- What is needed
Your answer is the lines below, exactly, from the one that contains "444 Angel Number" through the one that contains "Custom Logo Foldable", both included.

- Task data
|---|

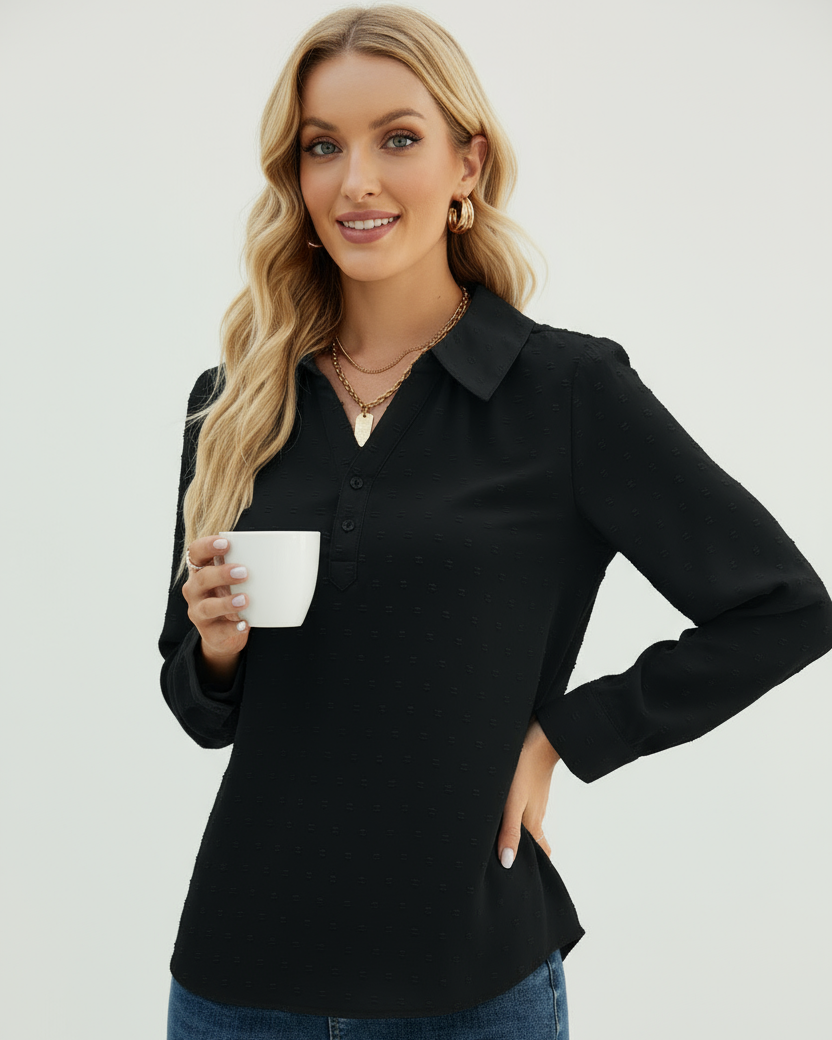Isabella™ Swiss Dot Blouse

|---|

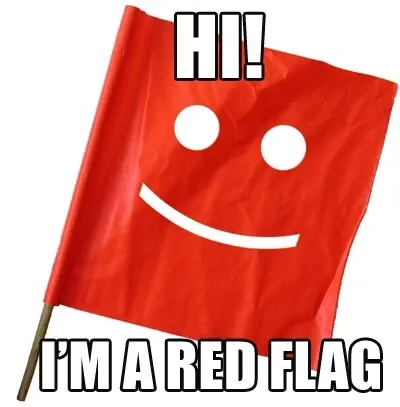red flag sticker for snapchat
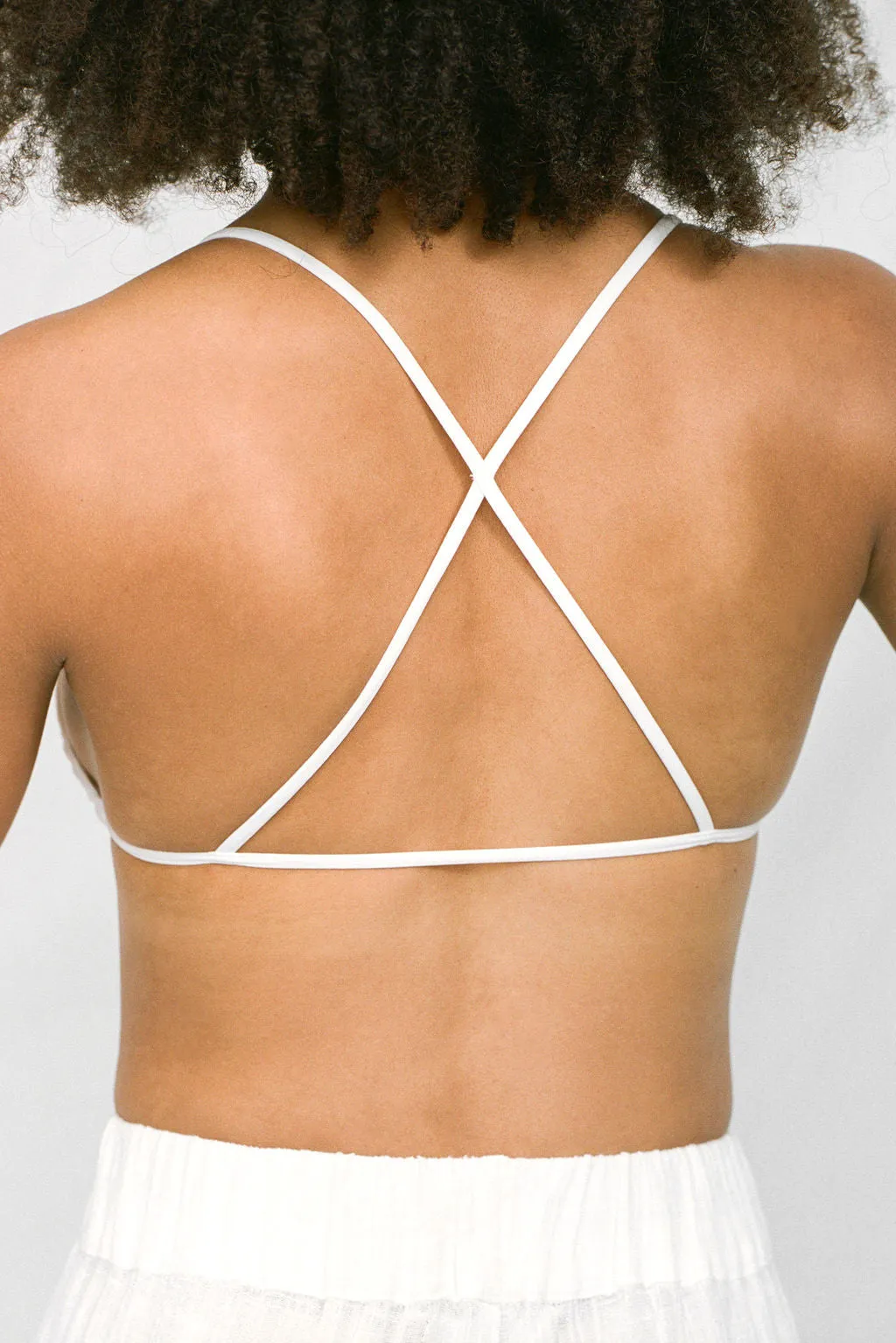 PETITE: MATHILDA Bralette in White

|---|

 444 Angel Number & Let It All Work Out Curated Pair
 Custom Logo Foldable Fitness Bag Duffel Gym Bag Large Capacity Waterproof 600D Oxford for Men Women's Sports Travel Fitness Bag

|---|

- Written answer
 444 Angel Number & Let It All Work Out Curated Pair
 Custom Logo Foldable Fitness Bag Duffel Gym Bag Large Capacity Waterproof 600D Oxford for Men Women's Sports Travel Fitness Bag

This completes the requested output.